◆ **Available records**
• • •
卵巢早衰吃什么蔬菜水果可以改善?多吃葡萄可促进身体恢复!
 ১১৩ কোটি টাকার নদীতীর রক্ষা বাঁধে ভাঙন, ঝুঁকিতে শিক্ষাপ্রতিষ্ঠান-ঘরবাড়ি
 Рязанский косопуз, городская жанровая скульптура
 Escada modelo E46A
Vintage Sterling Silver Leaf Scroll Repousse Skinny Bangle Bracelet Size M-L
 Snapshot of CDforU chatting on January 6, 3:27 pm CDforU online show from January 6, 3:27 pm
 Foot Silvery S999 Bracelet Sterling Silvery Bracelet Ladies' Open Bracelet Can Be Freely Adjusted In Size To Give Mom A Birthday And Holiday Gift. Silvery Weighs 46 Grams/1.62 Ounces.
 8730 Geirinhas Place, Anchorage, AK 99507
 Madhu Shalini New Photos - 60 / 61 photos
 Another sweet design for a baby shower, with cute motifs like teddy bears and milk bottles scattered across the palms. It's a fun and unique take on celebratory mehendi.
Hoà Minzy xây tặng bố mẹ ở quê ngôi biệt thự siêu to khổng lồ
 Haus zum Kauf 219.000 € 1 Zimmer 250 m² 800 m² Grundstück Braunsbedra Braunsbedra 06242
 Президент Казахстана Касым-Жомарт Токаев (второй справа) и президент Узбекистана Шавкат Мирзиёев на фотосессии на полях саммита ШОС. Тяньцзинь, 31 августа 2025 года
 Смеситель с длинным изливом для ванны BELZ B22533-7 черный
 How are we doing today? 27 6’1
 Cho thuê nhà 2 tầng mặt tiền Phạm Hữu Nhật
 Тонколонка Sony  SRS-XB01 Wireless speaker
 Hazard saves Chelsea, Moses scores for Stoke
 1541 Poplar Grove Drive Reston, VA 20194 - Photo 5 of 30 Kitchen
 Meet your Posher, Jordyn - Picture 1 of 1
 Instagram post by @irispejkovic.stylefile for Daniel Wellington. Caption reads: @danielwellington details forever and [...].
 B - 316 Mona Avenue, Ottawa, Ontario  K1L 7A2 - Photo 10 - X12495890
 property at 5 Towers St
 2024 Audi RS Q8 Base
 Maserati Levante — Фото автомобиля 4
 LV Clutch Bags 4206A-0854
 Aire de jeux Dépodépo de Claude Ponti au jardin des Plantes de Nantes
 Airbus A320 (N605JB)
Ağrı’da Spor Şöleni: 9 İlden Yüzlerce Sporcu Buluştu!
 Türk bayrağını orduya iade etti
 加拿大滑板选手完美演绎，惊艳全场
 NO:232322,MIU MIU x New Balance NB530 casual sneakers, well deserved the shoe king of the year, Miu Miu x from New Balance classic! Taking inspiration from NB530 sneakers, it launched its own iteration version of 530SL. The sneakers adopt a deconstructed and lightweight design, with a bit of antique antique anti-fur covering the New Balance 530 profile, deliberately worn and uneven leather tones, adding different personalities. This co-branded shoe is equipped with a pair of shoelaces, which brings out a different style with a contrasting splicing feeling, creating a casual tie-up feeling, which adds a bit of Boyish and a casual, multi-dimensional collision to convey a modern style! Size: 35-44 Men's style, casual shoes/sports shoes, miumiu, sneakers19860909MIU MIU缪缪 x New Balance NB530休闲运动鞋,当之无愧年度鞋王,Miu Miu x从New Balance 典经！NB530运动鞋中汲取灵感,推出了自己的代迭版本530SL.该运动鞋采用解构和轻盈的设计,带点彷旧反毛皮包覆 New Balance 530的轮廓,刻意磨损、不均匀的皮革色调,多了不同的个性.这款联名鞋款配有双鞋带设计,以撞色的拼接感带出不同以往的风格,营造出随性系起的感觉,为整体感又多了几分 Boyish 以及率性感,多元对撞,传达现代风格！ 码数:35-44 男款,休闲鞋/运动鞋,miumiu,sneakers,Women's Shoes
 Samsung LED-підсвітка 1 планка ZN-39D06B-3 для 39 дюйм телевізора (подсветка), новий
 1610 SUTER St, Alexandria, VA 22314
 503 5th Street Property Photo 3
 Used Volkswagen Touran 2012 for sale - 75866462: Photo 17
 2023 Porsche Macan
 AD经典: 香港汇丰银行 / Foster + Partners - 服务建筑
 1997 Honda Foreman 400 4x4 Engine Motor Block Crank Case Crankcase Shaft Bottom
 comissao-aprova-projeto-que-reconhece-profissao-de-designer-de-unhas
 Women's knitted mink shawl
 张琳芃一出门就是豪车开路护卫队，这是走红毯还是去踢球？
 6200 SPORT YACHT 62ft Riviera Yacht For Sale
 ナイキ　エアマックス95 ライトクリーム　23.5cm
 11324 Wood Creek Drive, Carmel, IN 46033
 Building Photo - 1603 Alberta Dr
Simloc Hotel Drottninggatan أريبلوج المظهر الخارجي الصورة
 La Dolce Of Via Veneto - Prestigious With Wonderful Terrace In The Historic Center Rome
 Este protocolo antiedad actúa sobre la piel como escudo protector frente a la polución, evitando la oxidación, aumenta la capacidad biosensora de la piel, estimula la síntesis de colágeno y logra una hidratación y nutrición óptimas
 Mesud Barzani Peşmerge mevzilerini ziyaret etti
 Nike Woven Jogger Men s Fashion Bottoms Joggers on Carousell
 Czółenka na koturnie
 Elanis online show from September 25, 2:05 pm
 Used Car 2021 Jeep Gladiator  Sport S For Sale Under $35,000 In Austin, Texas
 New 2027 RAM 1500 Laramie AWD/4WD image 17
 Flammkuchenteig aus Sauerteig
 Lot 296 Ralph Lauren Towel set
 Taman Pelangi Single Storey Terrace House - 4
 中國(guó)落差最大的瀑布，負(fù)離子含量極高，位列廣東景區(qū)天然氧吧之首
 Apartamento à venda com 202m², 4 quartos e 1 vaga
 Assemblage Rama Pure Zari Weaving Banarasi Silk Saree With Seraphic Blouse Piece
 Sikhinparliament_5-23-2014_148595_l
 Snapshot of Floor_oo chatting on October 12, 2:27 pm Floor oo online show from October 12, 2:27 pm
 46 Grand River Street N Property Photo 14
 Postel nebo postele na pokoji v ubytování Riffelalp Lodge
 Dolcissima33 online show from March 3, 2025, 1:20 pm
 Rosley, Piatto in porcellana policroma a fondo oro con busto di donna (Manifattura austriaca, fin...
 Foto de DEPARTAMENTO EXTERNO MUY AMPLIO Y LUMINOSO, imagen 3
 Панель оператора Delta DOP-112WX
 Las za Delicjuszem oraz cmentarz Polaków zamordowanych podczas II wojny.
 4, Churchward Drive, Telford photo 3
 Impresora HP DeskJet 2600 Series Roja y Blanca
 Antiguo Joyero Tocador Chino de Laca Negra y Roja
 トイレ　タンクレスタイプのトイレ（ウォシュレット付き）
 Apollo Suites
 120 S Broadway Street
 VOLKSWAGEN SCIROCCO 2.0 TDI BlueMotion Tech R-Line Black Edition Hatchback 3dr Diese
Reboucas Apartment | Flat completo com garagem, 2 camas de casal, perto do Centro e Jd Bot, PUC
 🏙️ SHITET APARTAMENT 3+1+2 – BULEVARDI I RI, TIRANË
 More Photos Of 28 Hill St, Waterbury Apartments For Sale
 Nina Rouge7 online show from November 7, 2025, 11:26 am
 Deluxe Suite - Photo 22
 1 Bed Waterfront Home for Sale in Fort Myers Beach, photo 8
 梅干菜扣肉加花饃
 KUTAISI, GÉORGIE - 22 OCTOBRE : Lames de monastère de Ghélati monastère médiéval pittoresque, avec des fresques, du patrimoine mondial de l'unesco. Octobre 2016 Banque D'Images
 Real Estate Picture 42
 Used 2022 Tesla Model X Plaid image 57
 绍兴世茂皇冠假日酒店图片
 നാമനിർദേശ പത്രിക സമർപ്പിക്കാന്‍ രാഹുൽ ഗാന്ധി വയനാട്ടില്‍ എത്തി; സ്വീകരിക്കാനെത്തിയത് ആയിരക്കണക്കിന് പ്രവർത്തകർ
• • •
◆ **What is needed**
Starting at the line above that holds "Another sweet design" and ending at the line that holds "Haus zum Kauf", transcribe each line exactly and include no other lines.

◆ **Exercise solution**
 Another sweet design for a baby shower, with cute motifs like teddy bears and milk bottles scattered across the palms. It's a fun and unique take on celebratory mehendi.
Hoà Minzy xây tặng bố mẹ ở quê ngôi biệt thự siêu to khổng lồ
 Haus zum Kauf 219.000 € 1 Zimmer 250 m² 800 m² Grundstück Braunsbedra Braunsbedra 06242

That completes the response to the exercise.